Teloneum

In the Middle Ages, the teloneum (also telonium or toloneum, from Greek τελώνιον, telonion, toll-house), in French tonlieu, sometimes anglicized thelony, was a market toll, a tax paid on a sale in the marketplace. The term originally referred to the customs house, but came gradually to refer to the tax levied. The collector of the teloneum was the telonearius.[1]

The term teloneum first appeared in the fifth century.[2] It came to cover numerous more specific tolls, such as the portaticum, rotaticum and pulveraticum.
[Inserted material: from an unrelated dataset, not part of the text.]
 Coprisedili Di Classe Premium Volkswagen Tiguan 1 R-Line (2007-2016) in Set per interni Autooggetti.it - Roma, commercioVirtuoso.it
In the Merovingian period, the teloneum was a major source of royal revenues. The kings did sometimes give exemptions to abbeys, but rarely to anybody else. The teleonarii frequently farmed the taxes, often to Jews.[3] A document issued by King Philip I of France around 1090 defined a teloneum as a tax on the transitum a vendentibus vel ementibus vel transeuntibus (transfer between seller and buyer).[4]

  1. ^ Anne-Marie Dubler, "Teloneum / Teloneo / Tonlieu", in Historisches Lexikon der Schweiz / Dictionnaire historique de la Suisse / Dizionario storico della Svizzera (2012 [2002]), retrieved 18 October 2018.
  2. ^ Bruno Dumézil, Servir l'État barbare dans la Gaule franque. IVe–IXe siècle (Tallandier, 2013), p. 91.
  3. ^ Henri Pirenne, Mohammed and Charlemagne (Routledge, 2008 [1939]), p. 106.
  4. ^ First Report of the Royal Commission on Market Rights and Tolls, Vol. 1 (London: 1889), p. 10n.